Vous pouvez l’écouter ici, la télécharger ici, vous pouvez la garder pour vous, la faire écouter à vos proches si elle vous touche, l’écouter en boucle ou l’arrêter avant la fin, l’aimer ou la détester… Bref, cette chanson vous appartient maintenant ! On vous embrasse et on a hâte de reprendre la route pour venir partager des moments avec vous.

Love, Le Yalta Club"

 

Je crois que l’amour quelque soit sa forme est LA réponse à opposer à ceux qui voudraient fermer les yeux de tous ceux qui ne pensent pas comme eux. J’en reste intimement persuadée. Cette force est partagée par toutes les espèces vivant sur cette Planète et fait grandir tous ceux qui la partage.

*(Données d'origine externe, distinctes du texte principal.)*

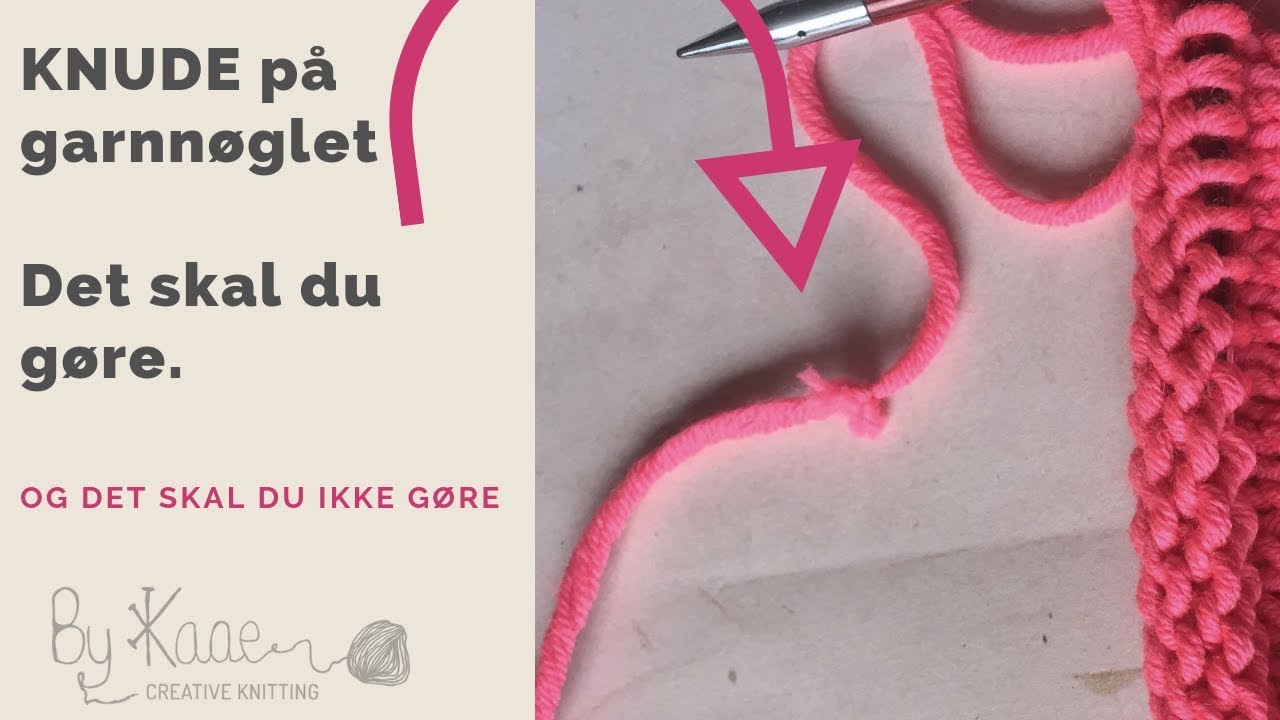 Der er en knude på mit garnnøgle - Det gør du!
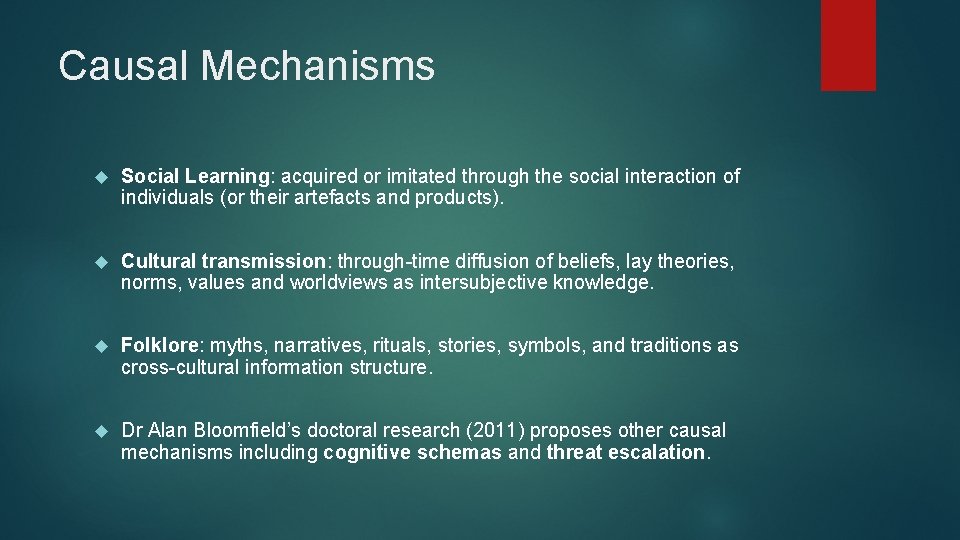 Causal Mechanisms Social Learning: acquired or imitated through the social interaction of individuals (or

Alors, cette composition (à partager sans modération puisqu’elle est téléchargeable), il m’a semblé naturel de la diffuser ici, parce qu’elle est aussi porteuse d’espoir dans l’espèce humaine et pousse chacun à sortir des ténèbres où certains veulent  la jeter. Merci aux membres de Yalta Club d’ouvrir nos yeux vers cette lumière salvatrice. Avec un très bon  slogan "Spread your love like a fever".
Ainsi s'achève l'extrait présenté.